Gave the 70-300 a whirl in the garden for some not quite macro shots.  These are hand held, 1/500, f6.4, ISO 400-800 (I was using auto ISO -1 EC).  These were shot in raw because I forgot to rest my camera to raw + jpeg after last use so I converted in camera to Velvia film sim and exported to my iPhone where I cropped them quite a bit.  I’m pretty happy that the lens I bought for its long zoom capabilities can be used up close for macroish shots.  The bokehs not as nice as the 60mm but being able to stand back a bit is helpful not to mention the excellent AF when compared to the slow and sketchy AF on the 60!


----------



## CherylL (Jul 13, 2021)

Great set!  They are all sharp and nice rendering of the background.  Ok now I want this lens!


----------



## Warhorse (Jul 14, 2021)

While I like them all, I am particularly enamored with #1.


----------



## SquarePeg (Jul 14, 2021)

CherylL said:


> Great set!  They are all sharp and nice rendering of the background.  Ok now I want this lens!
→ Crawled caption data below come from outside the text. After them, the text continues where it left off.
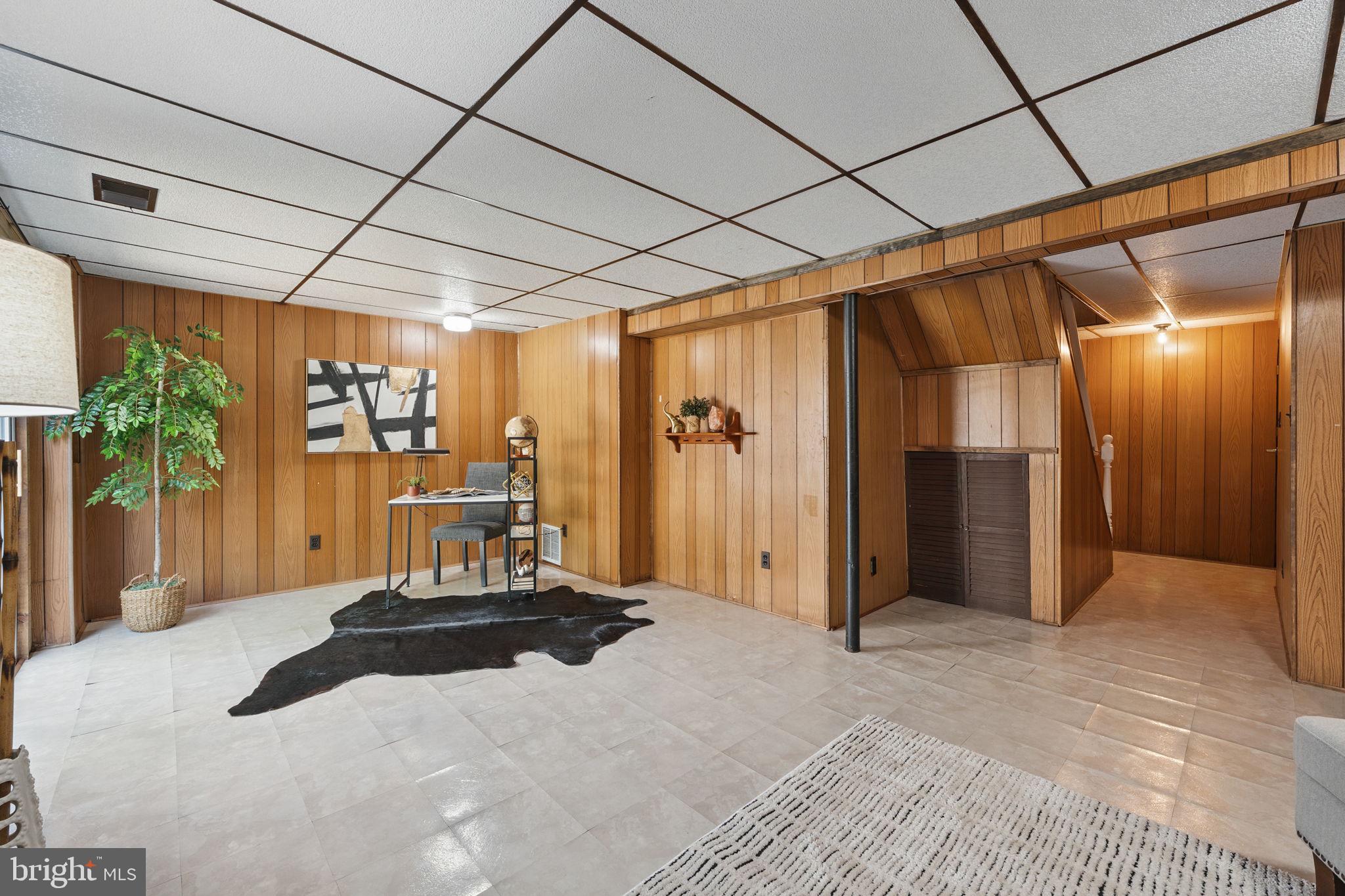 LAKE BRADDOCK - Residential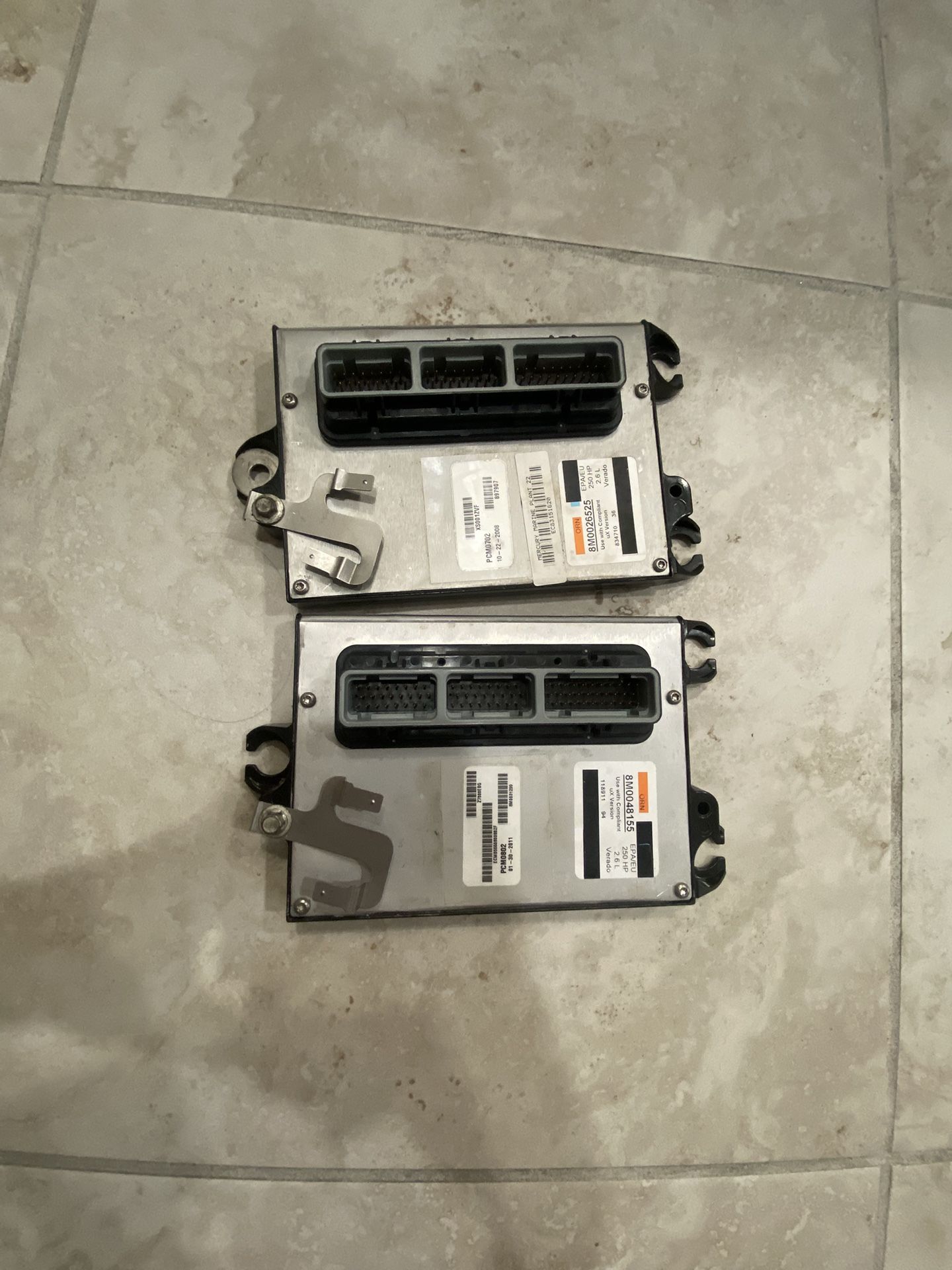 250 Mercury Verado Computers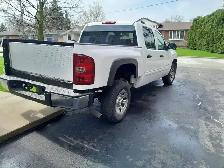 2011 chev full 4door  no body rust - clean worktruck - Photo 5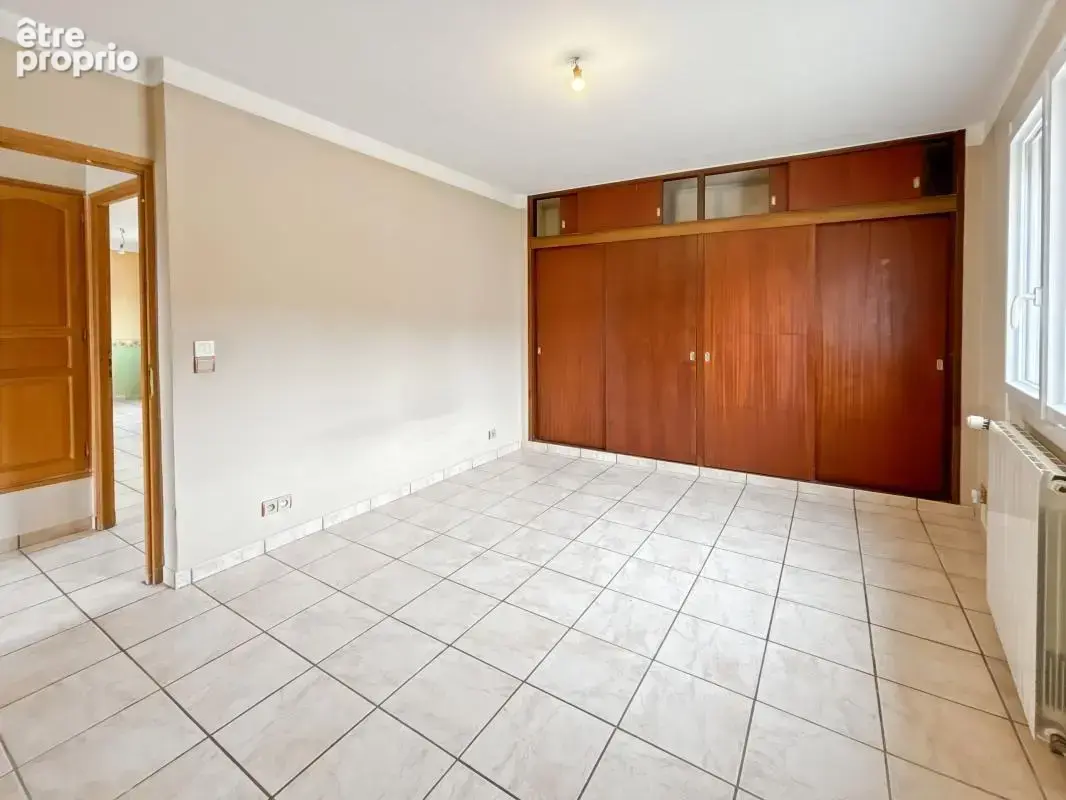 Belle maison Rénovée composée de deux logements , un type 4 et un type 2. Bâtie sur une parcelle de 800 m2 , cette charmante mai - photo 9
I’m very happy with it so far.  I’ve yet to really try the AF tracking.  Princess doesn’t play softball or field hockey any more and I can’t take the dog to the beach to run until after September 30.  Might have to venture to the dog park or go to one of my cousin’s kids little league games to test it out.  



Warhorse said:


> While I like them all, I am particularly enamored with #1.


Thanks!   The butterfly posed for about 10 minutes before flitting away. The last is my favorite-I’m a sucker for flowers on a picket fence.


----------



## jeffashman (Jul 17, 2021)

Nice set!


----------